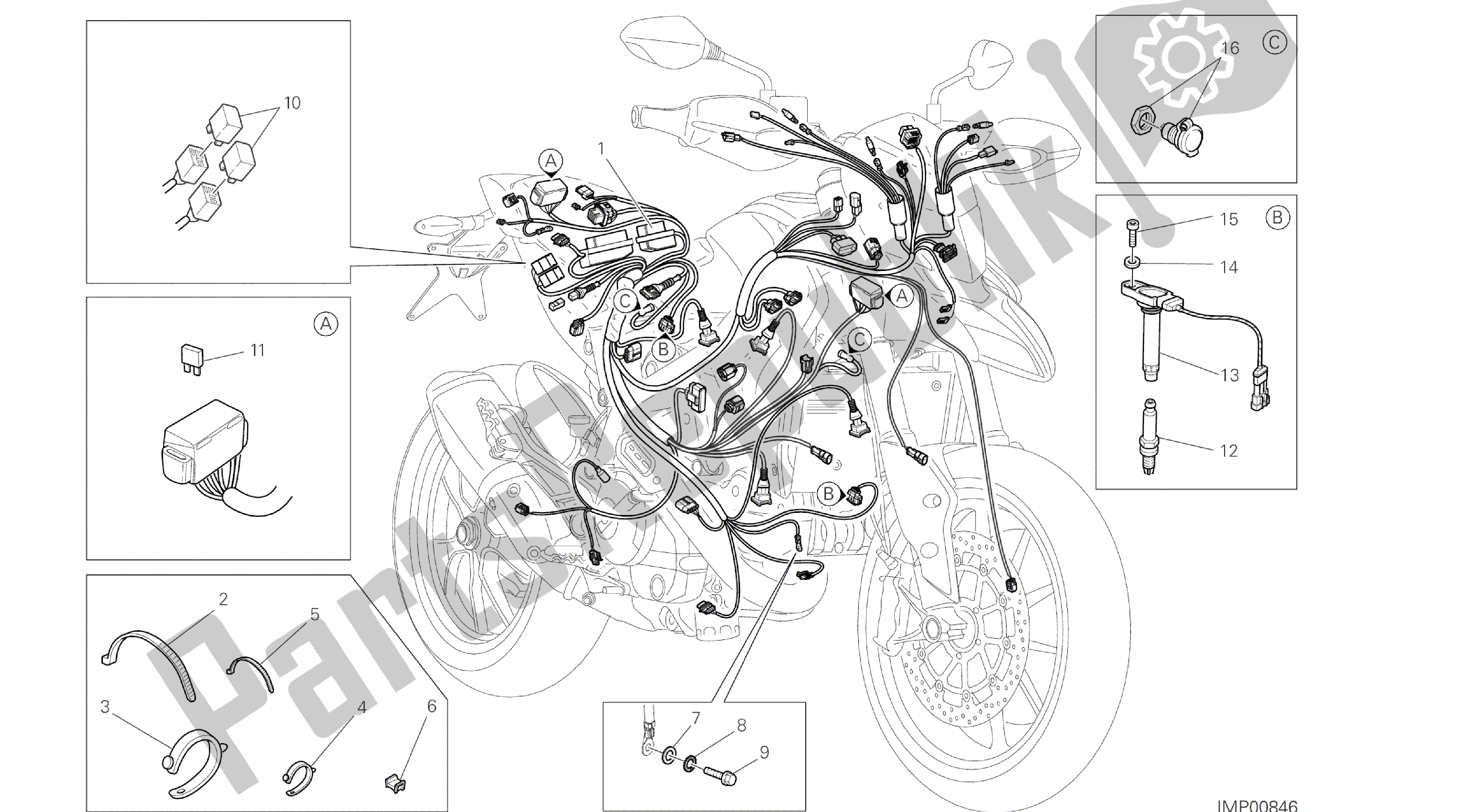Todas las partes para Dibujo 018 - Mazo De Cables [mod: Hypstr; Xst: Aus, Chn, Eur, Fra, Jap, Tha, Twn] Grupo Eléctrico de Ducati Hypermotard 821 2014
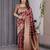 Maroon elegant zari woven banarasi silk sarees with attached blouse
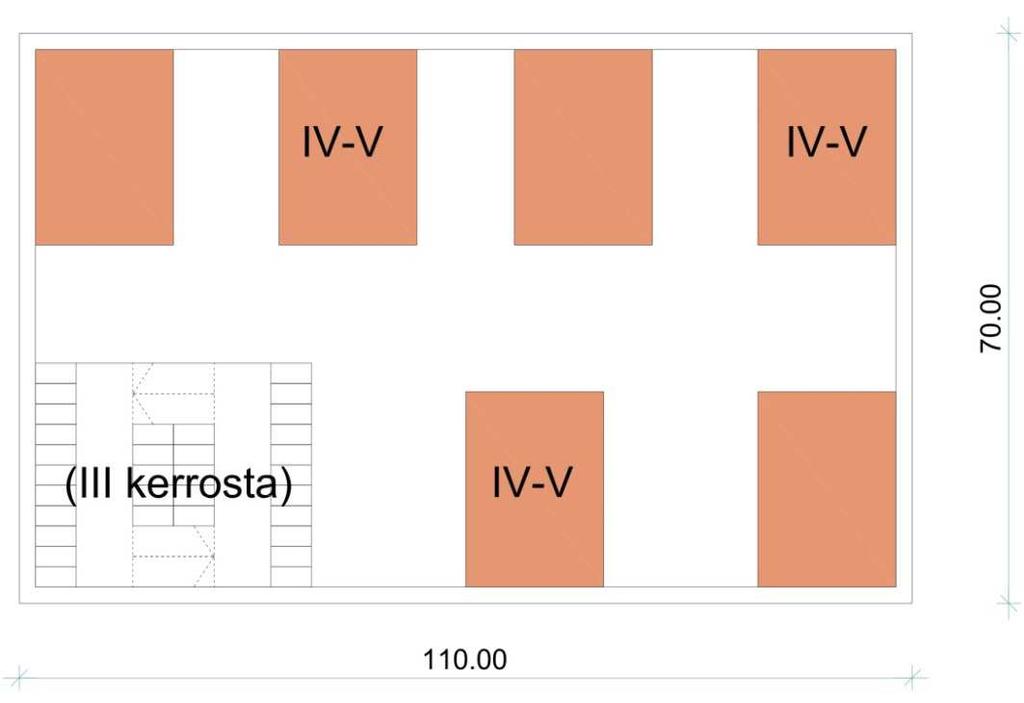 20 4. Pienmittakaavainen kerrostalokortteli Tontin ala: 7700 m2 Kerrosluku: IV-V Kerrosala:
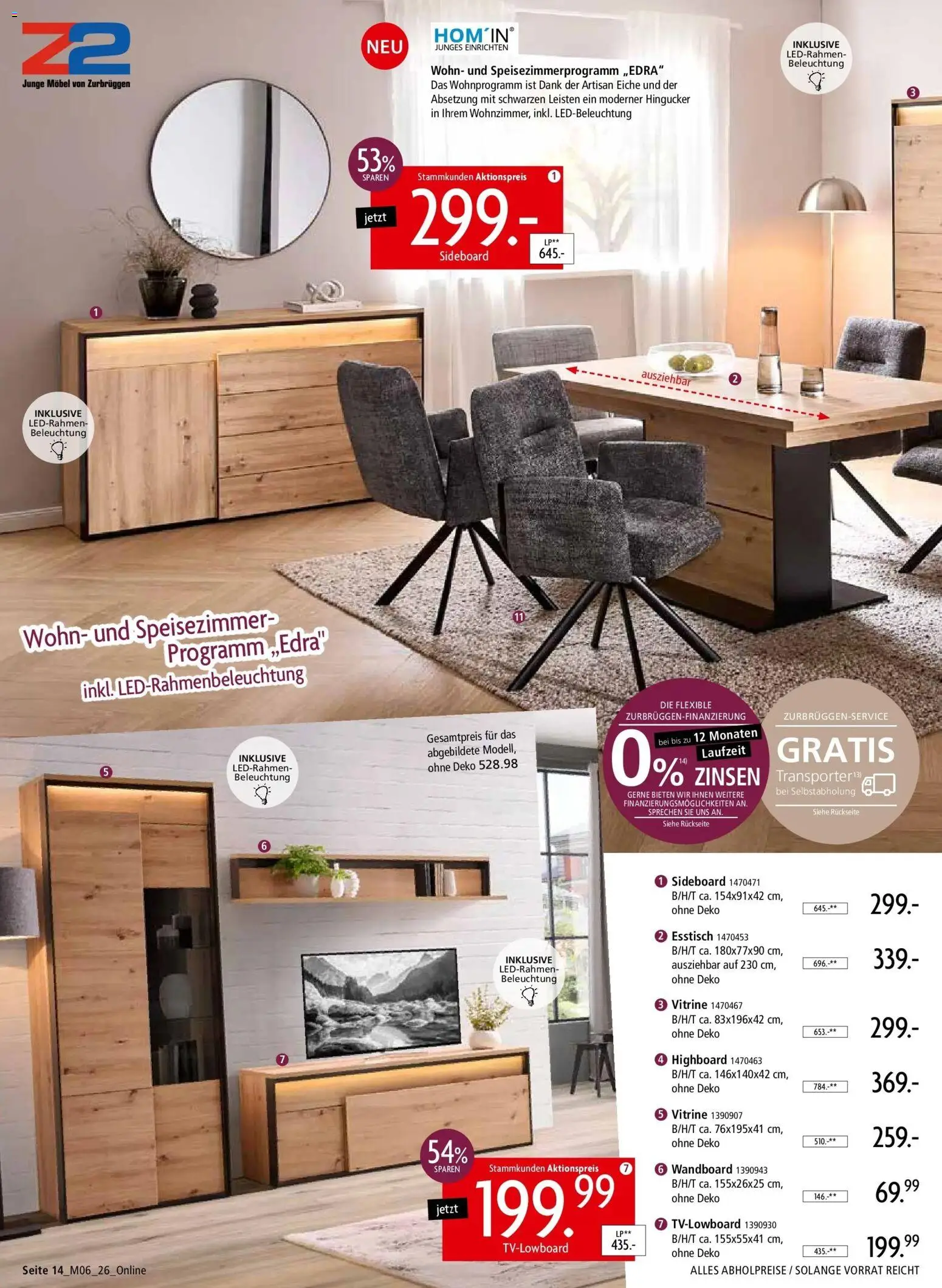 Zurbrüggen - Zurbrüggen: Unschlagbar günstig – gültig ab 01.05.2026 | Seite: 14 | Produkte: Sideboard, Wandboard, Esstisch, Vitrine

=====

Work order:
The result should be a verbatim copy of the data, free of pictures.

The answer:
Todas las partes para Dibujo 018 - Mazo De Cables [mod: Hypstr; Xst: Aus, Chn, Eur, Fra, Jap, Tha, Twn] Grupo Eléctrico de Ducati Hypermotard 821 2014
 Maroon elegant zari woven banarasi silk sarees with attached blouse
 20 4. Pienmittakaavainen kerrostalokortteli Tontin ala: 7700 m2 Kerrosluku: IV-V Kerrosala:
 Zurbrüggen - Zurbrüggen: Unschlagbar günstig – gültig ab 01.05.2026 | Seite: 14 | Produkte: Sideboard, Wandboard, Esstisch, Vitrine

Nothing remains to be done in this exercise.